Após as sanções impostas à Rússia pelos Estados Unidos, União Europeia e G7, centenas de navios petroleiros passaram a operar de forma irregular. Esses navios velhos, com donos ocultos, mudam de bandeira frequentemente, desligam rastreadores e navegam sem seguro. Essa rede clandestina ficou conhecida como “frota fantasma”.
Segundo investigação da BBC News Brasil, 36 navios da frota fantasma já trouxeram combustível russo para o Brasil desde 2022, representando 17% do diesel importado no período. Como o país não aderiu às sanções internacionais, acabou se tornando um porto seguro para essas embarcações.
O salto das importações
O comércio cresceu de forma explosiva:
- 2022: cerca de US$ 100 milhões em diesel russo;
- 2023: US$ 4,5 bilhões;
- 2024: US$ 5,4 bilhões;
- Jan–jul/2025: US$ 3,07 bilhões.
Hoje, a Rússia já é o principal fornecedor de diesel ao Brasil, respondendo por mais da metade do consumo importado.
Para o agronegócio, o tema é vital. O diesel é a base do custo logístico da produção brasileira, ou seja, abastece tratores, colheitadeiras, caminhões e secadores de grãos.
O diesel mais barato ajudou a aliviar os custos no campo em anos de juros altos e margens apertadas. Porém, a dependência crescente da Rússia deixa o agro vulnerável: uma mudança brusca na política internacional, ou eventual bloqueio de navios sancionados, poderia disparar os preços e gerar insegurança no abastecimento.

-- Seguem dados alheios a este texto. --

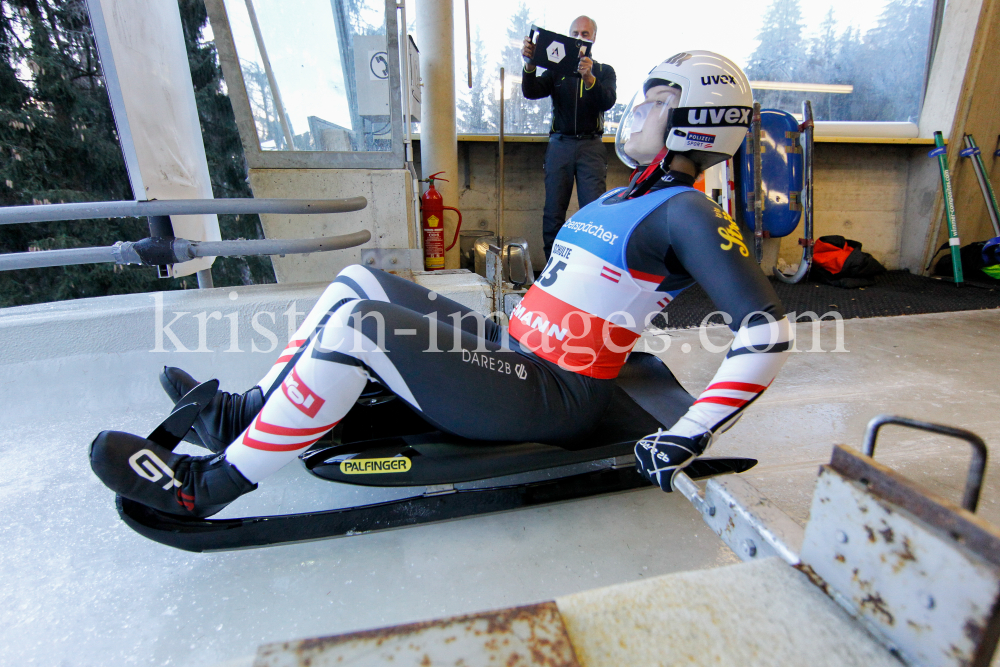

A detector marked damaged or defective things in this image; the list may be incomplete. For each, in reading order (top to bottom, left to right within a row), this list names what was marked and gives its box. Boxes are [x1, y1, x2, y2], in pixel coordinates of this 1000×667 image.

rusty metal plate [252, 604, 580, 664]
rusty metal plate [800, 464, 1000, 667]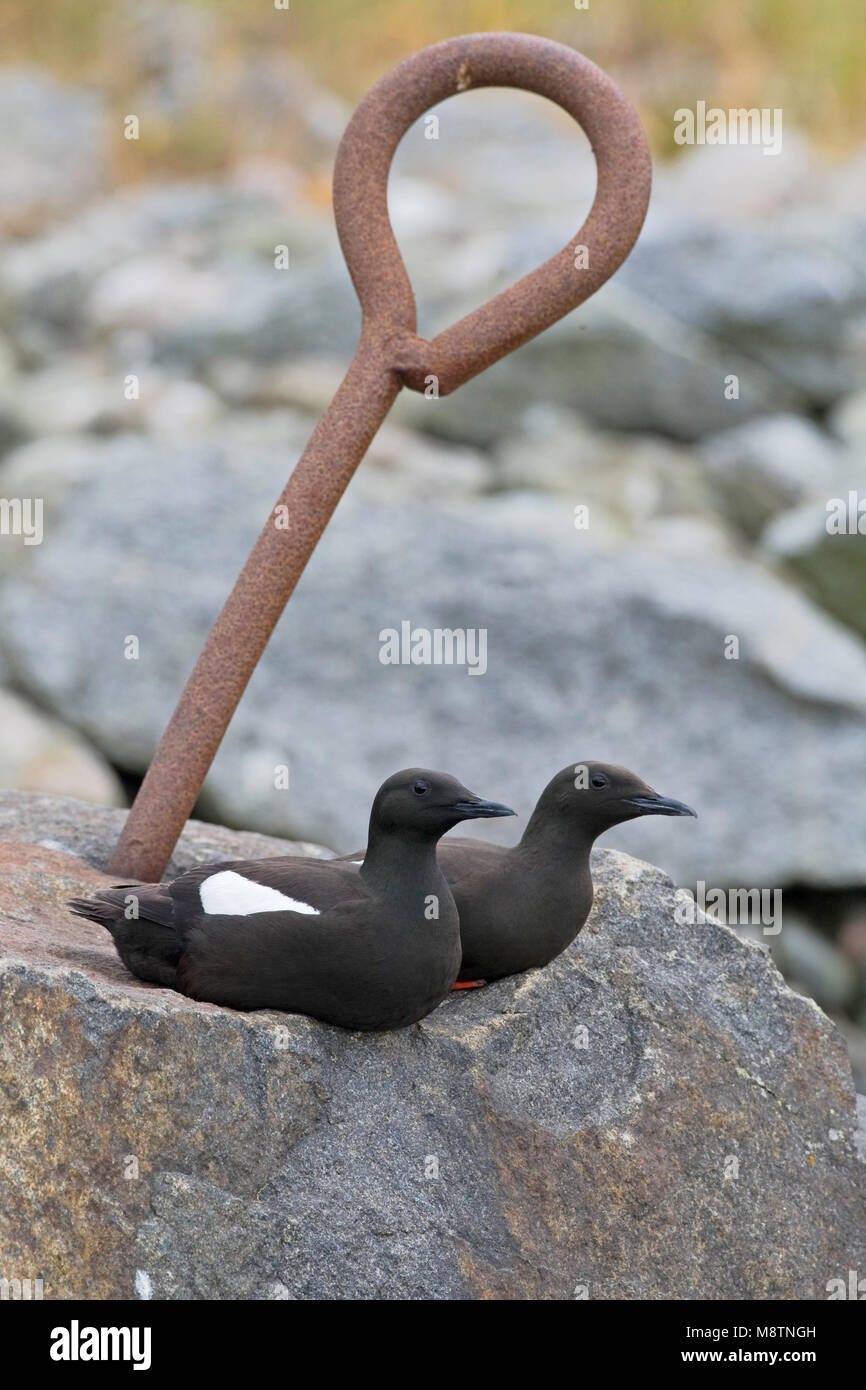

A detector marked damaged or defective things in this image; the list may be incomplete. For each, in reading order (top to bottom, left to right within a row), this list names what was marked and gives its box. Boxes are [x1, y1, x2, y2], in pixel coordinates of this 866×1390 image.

rusty iron hook [108, 29, 648, 880]
corroded metal loop [334, 29, 652, 396]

Além disso, se Estados Unidos ou Europa aplicarem sanções secundárias, setores de exportação como soja, carne e café podem ser atingidos, prejudicando diretamente os produtores brasileiros.
Riscos e dilemas
Destaco três principais riscos ao Brasil com a frota fantasma de Vladmir Putin em águas brasileiras:
Ambientais: navios antigos e sem seguro aumentam o risco de acidentes e vazamentos, com potencial de afetar ecossistemas costeiros e até rotas de exportação agrícola.
Diplomáticos: empresas brasileiras envolvidas podem sofrer retaliações em mercados-chave para o agro.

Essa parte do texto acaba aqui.